I was reading the following paper on convolution stacked auto-encoders and they had the following convolution neural network (for auto-encoders, notice I didn't write the offset term [to avoid cluterness] as part of the network but its present):
where the first layer convolution is a valid convolution and the second is a full convolution (with matlab terminology). Also, notice that there usually is not flipping/reversing in the context convolutional neural networks. Recall, that the only difference between the two convolutions is that the valid one only convolves (in a deep neural sense) with valid elements in the matrix (i.e. it does not go out of boundaries where the image is assumed to be zero) while full goes outside the boundary and assume its zero. Hence they result in different dimensions of matrices. Valid results in $(m-n+1) \times (m-n+1)$ and full results in $(m+n-1) \times (m+n-1)$. The reason the first one is valid is so to get a compressed representation of x. The reason the second one is full, is so to get a proper reconstruction (at least in the sense that its the correct dimensions/size).
The above network results in the following output:
$$ y = \sigma(\sum_{k} h^k * \tilde{W}^k + c) $$
$$ y = \sigma(\sum_{k} \sigma(x * W^k + b^k)* \tilde{W}^k + c ) $$
What I was interested is in finding the gradient of the squared error loss $E(\theta) = \frac{1}{2n} \sum^n_{i=1}(x_i -y_i )^2$ equations with respect to the matrix weights $W^k$ (and the offsets $b^k$).

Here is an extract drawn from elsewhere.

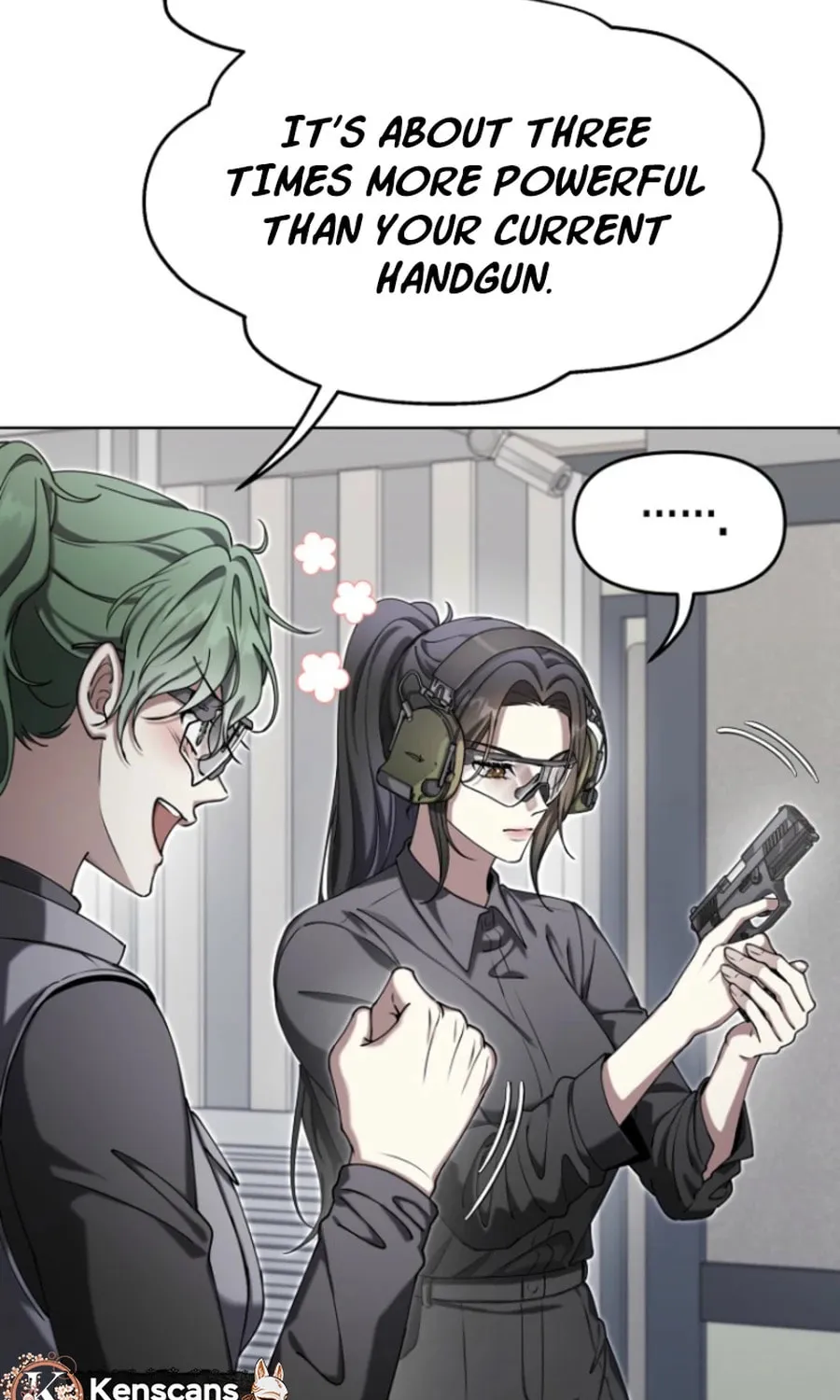 Otis Chapter 18 page 103 -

In the paper they claim that the equation is:
$$\frac{\partial E(\theta)}{\partial W^k}=x*\delta h^k+\tilde{h}^k*\delta y$$
However, I was not sure how they arrived at that equation. What is the derivation for that equation? Since the gradient uses partial derivatives with respect to a whole filter/kernel/weights I would assume that its doing derivatives with respect to a matrix. However, I am not sure and there are a few details that bother me. For example, earlier in the paper they mention how that the convolution $*$ that they denote on their paper depends on the context on the convolution (since it could be a full convolution or a valid convolution, the first one returns a $(m+x-1) \times (m+n-1)$ matrix and the other a $(m-n+1) \times (m-n+1)$). Therefore, its not clear to me whether that equation of the gradient is using full or valid convolution.

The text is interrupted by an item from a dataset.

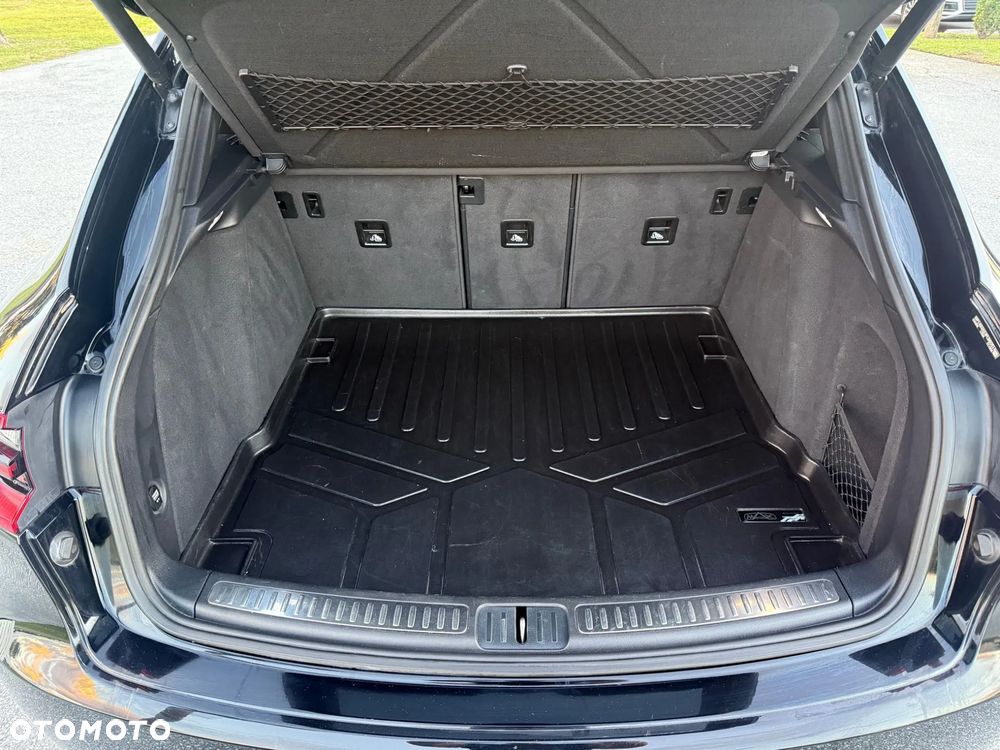 Porsche Macan S PDK - 20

Furthermore, its not clear to me what the equations for the deltas should be. Usually they are recursive but its not clear to me what they should look like for this case. Usually for normal back-propagation they look as follows (obtained from Andrew Ng's notes):
$$ \delta^{(l)}_{i} = ( (W^{(l)} )^T \delta^{(l+1)}) \bullet f'(z^{(l)})$$
however I have never seen a delta with respect to a hidden unit $h$. Usually, the delta is defined:
$$ \delta^{(l)}_i = \frac{\partial Error(w)}{\partial s^{(l)}_i}$$
where $s^{(l)}_i$ denotes the input to an activation function.
Anyway, its not explained well on that paper and was hoping someone could help me figure out what the notation meant and also some of the mathematical details of the derivation.